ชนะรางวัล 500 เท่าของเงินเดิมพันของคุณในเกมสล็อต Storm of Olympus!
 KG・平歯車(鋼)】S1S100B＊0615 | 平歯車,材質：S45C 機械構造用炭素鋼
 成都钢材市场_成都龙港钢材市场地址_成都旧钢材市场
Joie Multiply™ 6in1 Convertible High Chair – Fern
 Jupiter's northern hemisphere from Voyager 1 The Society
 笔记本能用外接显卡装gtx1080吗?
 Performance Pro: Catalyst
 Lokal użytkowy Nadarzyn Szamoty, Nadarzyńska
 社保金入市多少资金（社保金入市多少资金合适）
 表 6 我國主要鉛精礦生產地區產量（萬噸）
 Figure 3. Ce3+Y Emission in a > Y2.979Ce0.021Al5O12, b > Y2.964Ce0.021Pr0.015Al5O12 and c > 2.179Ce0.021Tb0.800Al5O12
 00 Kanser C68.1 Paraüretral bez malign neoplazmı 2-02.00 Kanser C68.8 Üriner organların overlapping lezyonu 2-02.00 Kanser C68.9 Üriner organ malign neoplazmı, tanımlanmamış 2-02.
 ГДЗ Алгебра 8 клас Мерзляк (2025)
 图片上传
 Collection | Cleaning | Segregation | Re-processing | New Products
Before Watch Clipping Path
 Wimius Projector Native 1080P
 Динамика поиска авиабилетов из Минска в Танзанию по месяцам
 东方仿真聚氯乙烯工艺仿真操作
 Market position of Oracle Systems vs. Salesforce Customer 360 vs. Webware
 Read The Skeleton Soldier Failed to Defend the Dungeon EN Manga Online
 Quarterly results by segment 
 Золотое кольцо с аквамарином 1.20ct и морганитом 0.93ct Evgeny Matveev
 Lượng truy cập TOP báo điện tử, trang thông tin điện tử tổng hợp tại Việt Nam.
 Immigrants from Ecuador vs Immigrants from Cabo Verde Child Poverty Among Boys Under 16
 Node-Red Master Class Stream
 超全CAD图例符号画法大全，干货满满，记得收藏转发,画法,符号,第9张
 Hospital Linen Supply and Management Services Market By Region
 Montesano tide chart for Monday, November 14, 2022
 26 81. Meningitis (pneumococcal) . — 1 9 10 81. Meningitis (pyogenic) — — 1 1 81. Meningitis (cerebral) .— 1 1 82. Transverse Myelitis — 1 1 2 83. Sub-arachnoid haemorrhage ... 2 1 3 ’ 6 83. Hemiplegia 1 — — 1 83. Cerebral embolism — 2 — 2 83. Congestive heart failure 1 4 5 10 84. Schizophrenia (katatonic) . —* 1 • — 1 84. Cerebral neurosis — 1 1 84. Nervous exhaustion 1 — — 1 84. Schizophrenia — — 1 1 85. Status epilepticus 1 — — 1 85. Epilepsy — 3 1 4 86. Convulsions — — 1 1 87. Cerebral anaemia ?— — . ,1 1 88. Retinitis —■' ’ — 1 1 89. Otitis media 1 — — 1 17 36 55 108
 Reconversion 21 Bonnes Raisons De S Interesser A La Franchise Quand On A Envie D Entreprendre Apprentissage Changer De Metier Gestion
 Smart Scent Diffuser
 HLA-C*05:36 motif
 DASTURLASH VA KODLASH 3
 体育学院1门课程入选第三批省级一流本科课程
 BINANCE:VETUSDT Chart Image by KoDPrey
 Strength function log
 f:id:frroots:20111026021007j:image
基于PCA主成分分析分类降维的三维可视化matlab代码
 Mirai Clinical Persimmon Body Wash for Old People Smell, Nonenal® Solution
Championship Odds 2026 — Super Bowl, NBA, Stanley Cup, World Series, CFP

--

BRIEF ::
Go through the records above and count every line that includes "from". Give the number and nothing else.

PROBLEM SOLUTION ::
2